有事實為證。據邵長良介紹,他剛下海時,還屬於計畫經濟向市場經濟轉軌初期,計程車行業處於上升階段和快速發展時期,活兒相對比較好乾,比在機關呆著掙得多。那個時候,他要是在機關里繼續幹下去,“工資很低,每月只能掙三四百塊錢,而乾出租,自己每個月可以掙四五千塊錢。”,他說,“這是十倍以上的增長。”——儘管開出租比在事業機關里苦點累點,但回報是豐厚的!
可是好景不長。

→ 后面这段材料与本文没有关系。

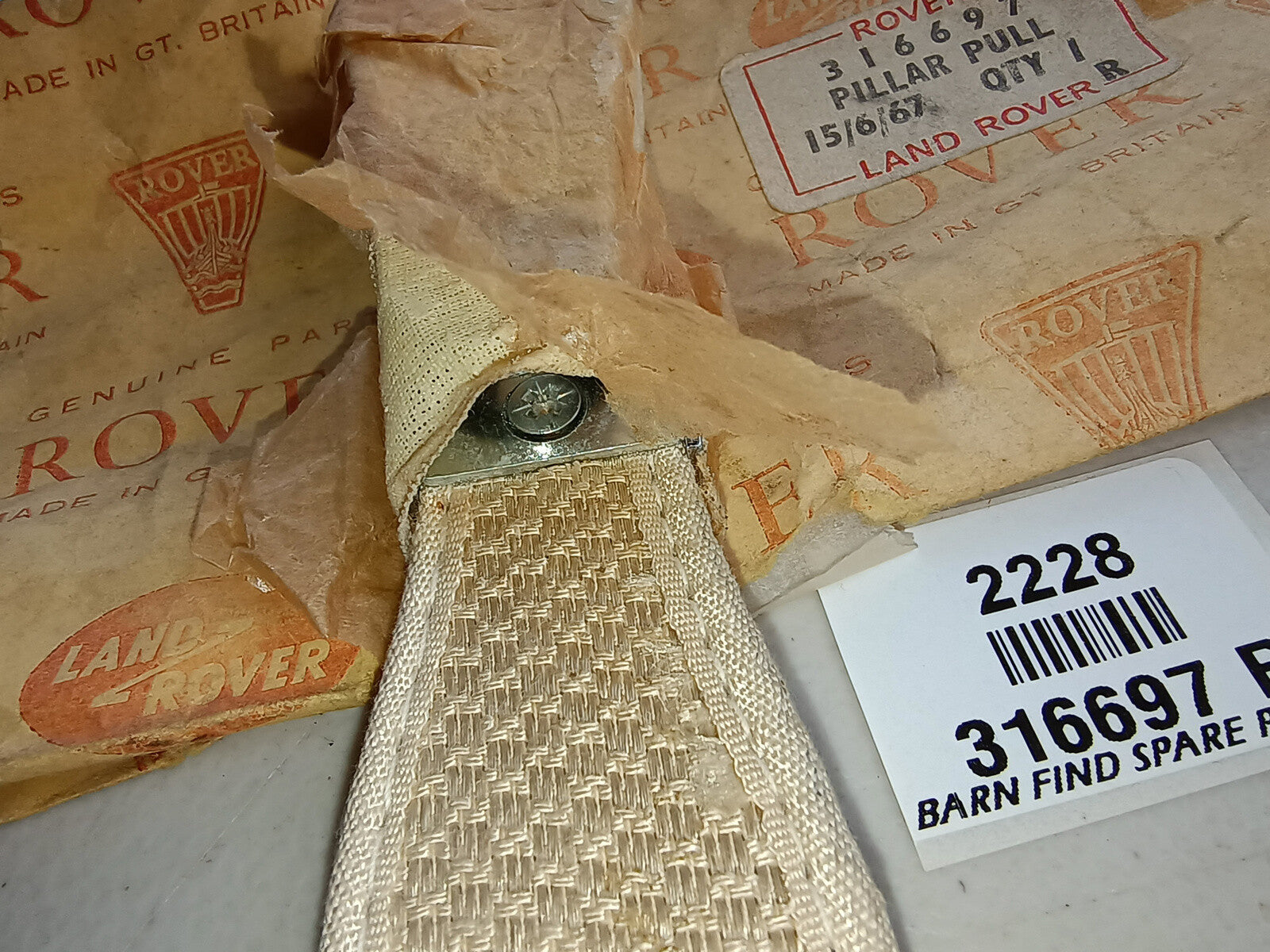 ROVER Pillar Pull, 316697 R.  New Old Stock2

從1996年開始,邵長良就覺得開出租越來越不容易,工作的時間長了,人越來越累了,而錢卻賺的越來越少。到了1997年,這種感覺更是十分明顯。後來,為了掙錢維持生計,他和妻子分成兩班,一個白天,一個晚上,雙雙幹上了出租。但他們的日子並沒有因為辛勤的付出發生根本的改變。邵長良感覺生活的壓力越來越大。“當時我們夫妻倆日夜輪班開車,可掙來的錢僅僅夠維持基本生活”,他說,“有時候甚至掙來的錢還不夠交出租公司日日見漲的‘份錢’。”
從1997年開始,邵長良開始深入思考計程車行業存在的問題。實際上,1997年前後正是北京市出租汽車行業自誕生以來內部矛盾最為尖銳的一個時期。經過90年代初期的快速發展,到1997年前後,北京市出租汽車市場已經過渡到買方市場。與此同時,由於政府明令禁止“變相賣車”,計程車公司開始強制收車,許許多多感覺上當受騙的計程車司機紛紛上訪。

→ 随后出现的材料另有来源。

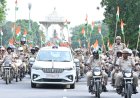 तिरंगा बाइक रैली ने जगाया देशभक्ति का जज्बा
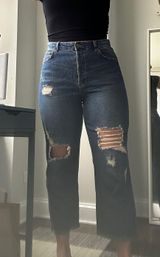 Medium wash wild fable high rise straight jeans Photo 0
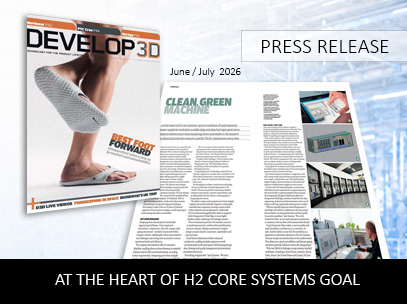 H2 Core Systems is featured in the June/July 2026 issue of the international trade publication DEVELOP3D. As part of our collaboration with Siemens Communications, an article about H2 Core Systems and our engineering processes has been published. The feature provides insights into our work and highlights how modern digital engineering tools help us design, customize and implement complex hydrogen systems efficiently.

也是從1997年開始,邵長良開始通過各種渠道反映並呼籲改革現有的計程車行業管理制度,其核心就是打破壟斷,放開市場,允許個體經營計程車。邵長良說,北京計程車行業存在的主要問題就是壟斷。
自1997年以來的八年中,邵長良從來沒有放棄過反對北京計程車行業壟斷的行動,以致邵長良被一些人稱為北京計程車司機的代言人。談起自己反壟斷的經歷,邵長良坦承其實為生計所迫。他說:“我不願接受這種被人盤剝的景況,要想改變目前的生存處境,就必須打破壟斷,爭取市場公平競爭的權利。”

對簿公堂

與別的計程車司機不同,反壟斷使邵長良變得很理性,他更像是一名學者型的鬥士。在反壟斷的八年中,邵長良研讀了大量的經濟學與法學方面的書籍。他認為,計程車行業屬於第三產業中的公共服務業,政府應該完全放開,完全沒有必要實行特殊的管制,特別是在行政許可法實施以後,一些與計程車總量控制有關的規定都應該廢止。

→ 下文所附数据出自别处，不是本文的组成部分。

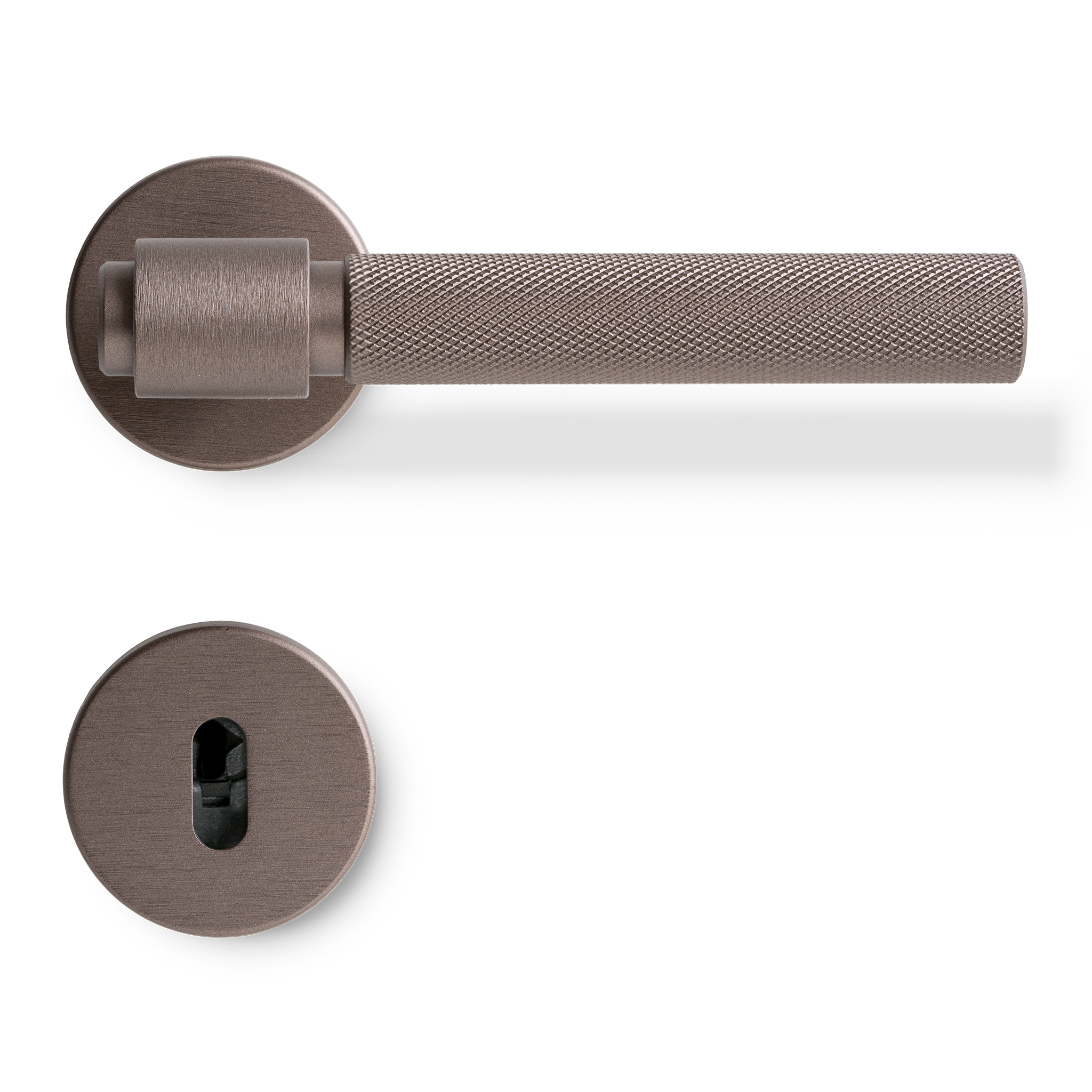 Sprung Door Handle Set | Helix 200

起初,為了從根源上弄清北京計程車行業存在的問題,邵長良做了大量的調研,將這些調研結果寫成材料交給北京或全國有關的人大代表、政協委員,請求他們幫助呼籲,打破北京計程車行業的壟斷。他戲稱自己所走的這條路子為“議會路線”。
這種長達八年的路子走下來,儘管有一些效果,但作用仍然是有限的,北京計程車市場壟斷堅冰仍然依舊。今年7月1日,行政許可法正式實施。是行政許可法使邵長良看到了很大的希望——用邵長良的話說,“行政許可法真正是一部老百姓的法律”。
7月1日,也就是行政許可法正式實施的當天,邵長良與等候了很長時間的北京計程車司機及普通市民一樣,向北京市運輸管理局(運管局)遞交了個體出租汽車運營申請,同時,北京運管局依據行政許可法亦受理了邵長良的申請。但7月12日,北京運管局依據《北京市‘十五’時期交通行業發展規劃》(京計規劃字[2002]1648號)(以下簡稱1648號檔案)規定,以本市出租汽車實行總量控制,不再投放新的運力為由,作出了對邵長良等從事出租汽車經營申請不予批准的答覆。
邵長良對此不服,他認為北京運管局作出上述不予批准的答覆所依據的1648號檔案與新頒布實施的行政許可法相牴觸。7月16日,邵長良到運管局申訴要求聽證。7月23日,北京運管局作出了不予聽證的最後意見。在申請無門和有法不依的無奈之下,邵長良等將北京市運管局告上了法庭。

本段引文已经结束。